Artist, Inventor, ILM’s Christopher Horvath's career has taken him
from canvas to calculus.
CGSociety :: Artist Profile
11 August 2009, by Barbara Robertson
When Christopher Horvath bounced back to Industrial Light & Magic after working on 'Lord of the Rings' and 'King Kong' at Weta, the studio didn’t exactly have a title that fit the work he’d be doing. “I feel like I’m essentially performing a mad scientist role,” he says. “Fortunately, we have a cover-all title now.”

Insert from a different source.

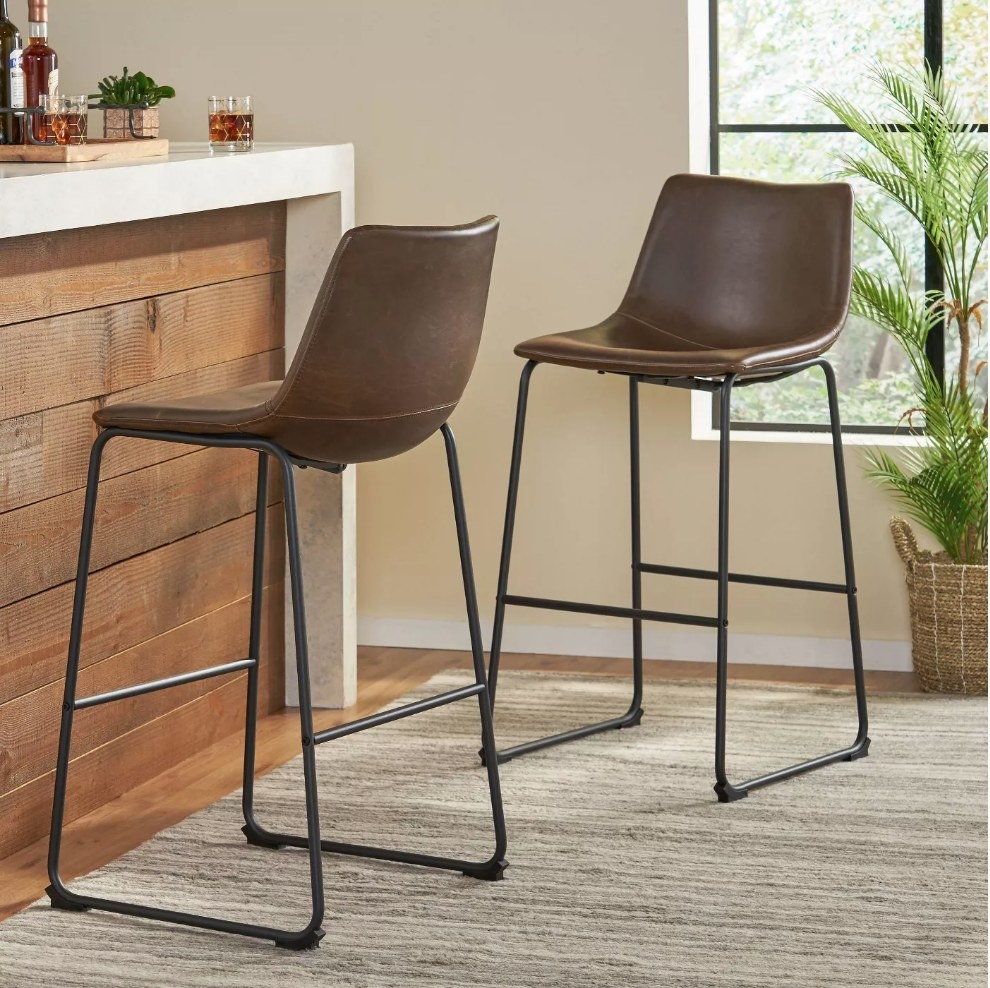 Two, 30&quot; faux brown leather bar chairs at a kitchen island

That title is 'digital artist,' but mad scientist better suits this CG artist, programmer, compositor, Birkham yoga instructor, painter, and breaks/electrohouse DJ. Take, for example, the two feature films released this year that he worked on: 'Transformers: Revenge of the Fallen' and 'Harry Potter: The Half-Blood Prince.'
For 'Transformers,' he designed a GPU-based rigid body dynamics system that Cliff Ramshaw in R&D helped build to churn the top of a great pyramid into flying bricks and rubble when Devastator smashed into it.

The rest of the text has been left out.